Improve resource utilization in MapReduce
Abstract
Hadoop partitions physical resources into conceptual map and reduce slots to control the maximum number of tasks that can concurrently run on each slave node. We observed that this mechanism can result in low resource utilization when not all task slots on a node are used. In this project, we propose a new mechanism called resource stealing to increase resource utilization. In addition, the default mechanism to trigger speculative execution may incur the execution of many non-beneficial speculative tasks that are killed before completion. In this project, we propose Benefit Aware Speculative Execution (BASE) which reduces the number of non-beneficial speculative tasks without sacrificing performance.
Intellectual Merit
This project addresses the inefficiencies of Hadoop. Our proposed resource stealing increases resource utilization without interfering with normal Hadoop task scheduling. In addition, our proposed Benefit Aware Speculative Execution (BASE) can eliminate most of the non-beneficial speculative tasks without degrading performance.
Broader Impact
MapReduce/Hadoop has been used by both industry and academia to run large-scale data processing applications. The proposed approaches evaluated in this project increase resource utilization, which can improve throughput. It enables users to run MapReduce jobs more efficiently, and therefore reduces job run time.
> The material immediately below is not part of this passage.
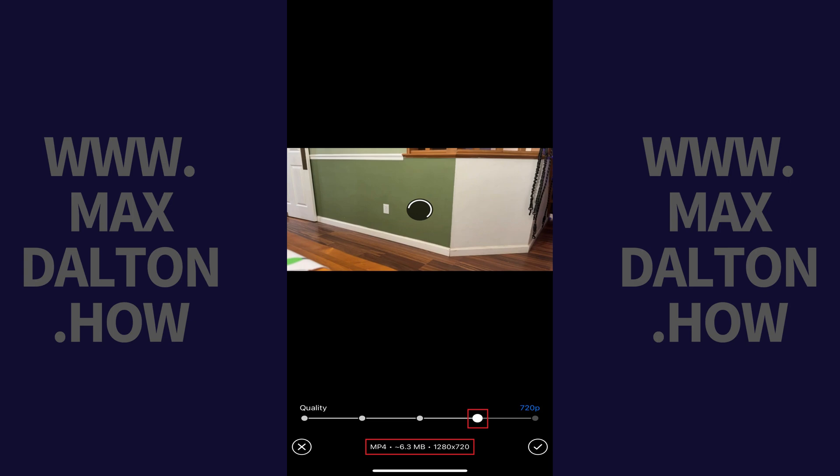The further to the right you go, the larger the file size and dimensions associated with your video. Because we want to send the highest quality video possible, we'll move this slider all the way to the right.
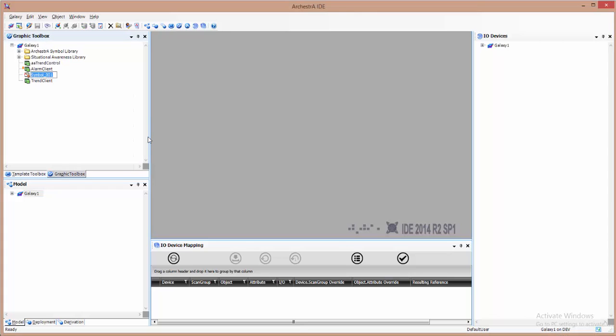My next step is to create an Orkestra graphic because a .NET control cannot be embedded straight into WindowMaker.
So the productivity of scientists is increased because they can get results faster and tune their applications accordingly.
Use of FutureGrid
We used the High-Performance Computing (HPC) environments provided by FutureGrid to run experiments to evaluate our proposed approaches.
Scale Of Use
We used 20 - 40 of bare metal machines on a periodic basis.
Publications
- [ResStealAndBASE] Guo, Z., G. Fox, M. Zhou, and Y. Ruan, "Improving Resource Utilization in MapReduce", IEEE Computer Society,
Results
The detailed results of this project are presented in our paper "Improving Resource Utilization in MapReduce" [1].
References
- [ResStealAndBASE] Guo, Z., G. Fox, M. Zhou, and Y. Ruan, "Improving Resource Utilization in MapReduce", the 2012 IEEE International Conference on Cluster Computing, Beijing, China, IEEE Computer Society, 2012.